Forest Vs. Trees

Humankind owes its origins to forests. In return, we have been reshaping them for our own uses ever since we learned to use tools and fire.

Jeffrey James terrarium. Image: Jeffrey James

Jeffrey James terrarium.
Image: Jeffrey James

I’ve told the story before of how an Indonesian palm oil trader once explained to me, many years ago, that I needn’t worry about deforestation in Indonesia. Why? Because the indigenous forests had been mostly cleared to make way for palm oil plantations. There was nothing left to worry about any more.

I’ll say one thing for the trader: He knew the difference between a forest and just a lot of trees. One is a habitat, the other is a plantation. Besides the fact that both include life we call trees, there’s not much similarity between the two.

Clear Cut, an installation project by Kjellgren Kaminsky Architecture. Photo: Kjellgren Kaminsky Architecture/Flickr

Clear Cut, an installation project by Kjellgren Kaminsky Architecture.
Photo: Kjellgren Kaminsky Architecture/Flickr

I lived deep in a forest for part of my youth, on a property bordered on two sides by national park and on the other two by undeveloped forest land. The forest was mostly old growth, a rich and varied recipe of bay laurel trees, madrone and manzanita, coastal oak, and the higher one went up the ridge, Bishop pine. The undergrowth was thick and we made paths through hip-high ferns draped in spiderwebs and huckleberry bushes that stained clothing and skin purple. In the spring, small clearings that received direct sunlight would burst forth in carpets of wild iris and forget-me-not.

The forest was only in this condition, more or less untouched except for the occasional dirt road or small cabin, because of the Point Reyes National Seashore. In the 1950s, rather than open the coastal ridge to logging, the government declared it a park. When I was growing up, most of the land that had remained private was still unbuilt. It was idyllic and the experience of living there has stayed with me for life.

Jeffrey James terrarium. Photo: Carlton/Jeffrey James

Jeffrey James terrarium.
Photo: Carlton/Jeffrey James

California has a wealth of old growth forest, but as elsewhere, many of the original forests have been logged and replanted, clear-cut for commercial use, or obliterated in mountain-top removal mining . Like greed, deforestation and (sometimes) reforestation are a human habit. When we look out over temperate forests these days, what we usually see is a sea of dark green conifer – undemanding, quick-growing, commercially useful. Other climates see, well, palm oil plantations.
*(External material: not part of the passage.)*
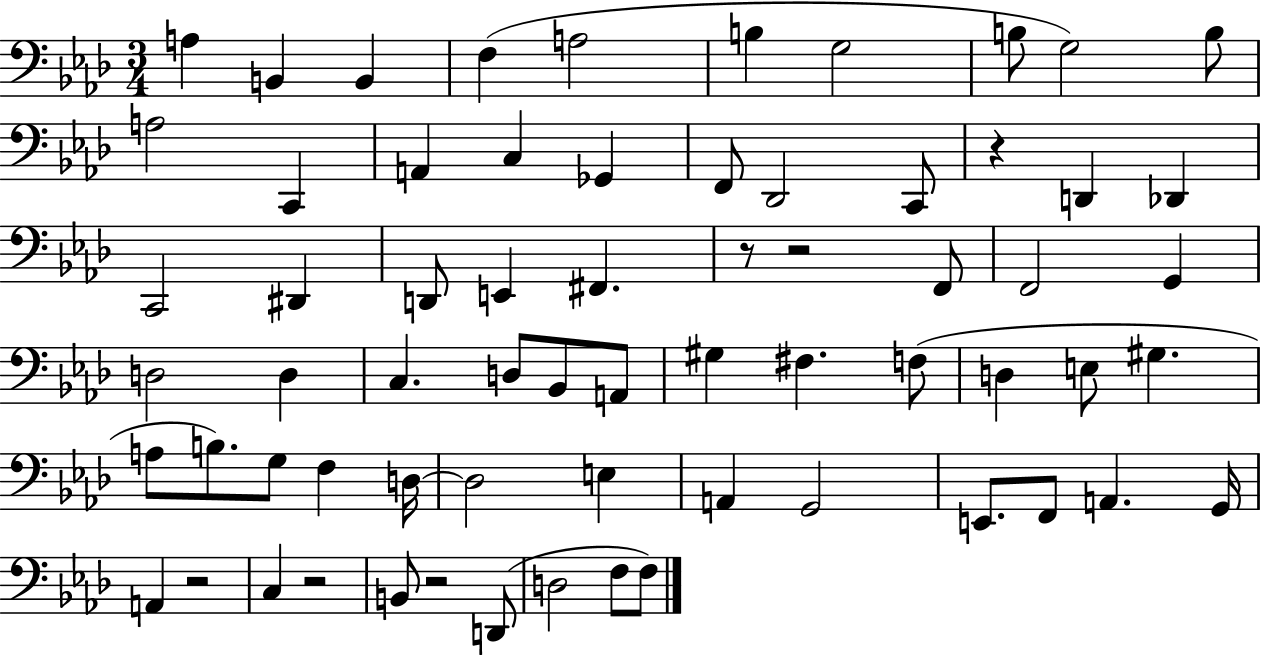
A3/q B2/q B2/q F3/q A3/h B3/q G3/h B3/e G3/h B3/e A3/h C2/q A2/q C3/q Gb2/q F2/e Db2/h C2/e R/q D2/q Db2/q C2/h D#2/q D2/e E2/q F#2/q. R/e R/h F2/e F2/h G2/q D3/h D3/q C3/q. D3/e Bb2/e A2/e G#3/q F#3/q. F3/e D3/q E3/e G#3/q. A3/e B3/e. G3/e F3/q D3/s D3/h E3/q A2/q G2/h E2/e. F2/e A2/q. G2/s A2/q R/h C3/q R/h B2/e R/h D2/e D3/h F3/e F3/e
Or farmland. Or oil and coal fields.

Land use choices are often offered up as decision between economic prosperity or stagnation; a forest is all that’s in the way of progress, and anyway, ersatz trees can be replanted elsewhere.

Jeffrey James terrarium. Photo: Jeffrey James

Jeffrey James terrarium.
Photo: Jeffrey James

But reforestation can’t just be a buzzword used to placate or fulfil regulatory requirements with false forests. I’ve written before on the progress of industrial reforestation – this approach only takes on real value if the re-established forests are diverse. And that diversity is exactly what most ‘tree replacement’ projects are lacking. As it turns out, we aren’t as good at recreating nature as we’d like to believe.
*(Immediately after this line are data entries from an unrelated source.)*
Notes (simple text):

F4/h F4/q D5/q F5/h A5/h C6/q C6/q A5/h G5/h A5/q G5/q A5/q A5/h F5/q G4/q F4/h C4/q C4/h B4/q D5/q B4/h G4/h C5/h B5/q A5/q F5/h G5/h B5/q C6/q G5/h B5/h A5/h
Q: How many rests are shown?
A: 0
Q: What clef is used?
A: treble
A recent study, limited to Europe, suggests that the conifer forests planted in Europe over the past two centuries contribute locally to warmer weather because the dark needles of conifer trees absorb sunlight more than the lighter leaves of a native mixed deciduous forest.
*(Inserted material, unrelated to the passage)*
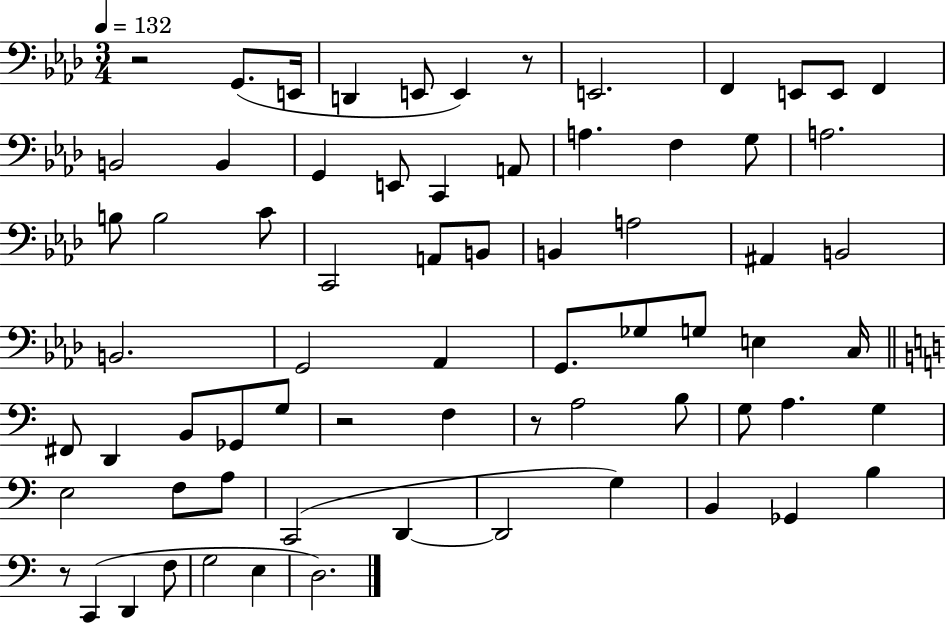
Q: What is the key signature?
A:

The old saying, you can’t see the forest for the trees, was never so true. Once you’ve known a real forest, you can’t be fooled.

Jeffrey James terrarium. Photo: Jeffrey James

Jeffrey James terrarium.
Photo: Jeffrey James

2 thoughts on “Forest Vs. Trees

  1. So true! Have you read “The Once and Future World: Nature As It Was, As It Is, As It Could Be”? (I know. Long title.) The author, J.B. Mackinnon, writes not just about species extinction but about “knowledge extinction”. Essentially, we “forget” what nature was once like, and so we don’t miss it and accept what our parents or grandparents might see as devastation as the new norm.

    • Haven’t read the book (though now plan to!), but the knowledge extinction also applies to setting conservation baselines – that is to say, when baselines for deforestation, biodiversity loss, etc. are set after the point when diversity was already been severely compromised (say, post 1980), then our expectations of what needs protection only reflect that point in time when ecosystems were completely altered.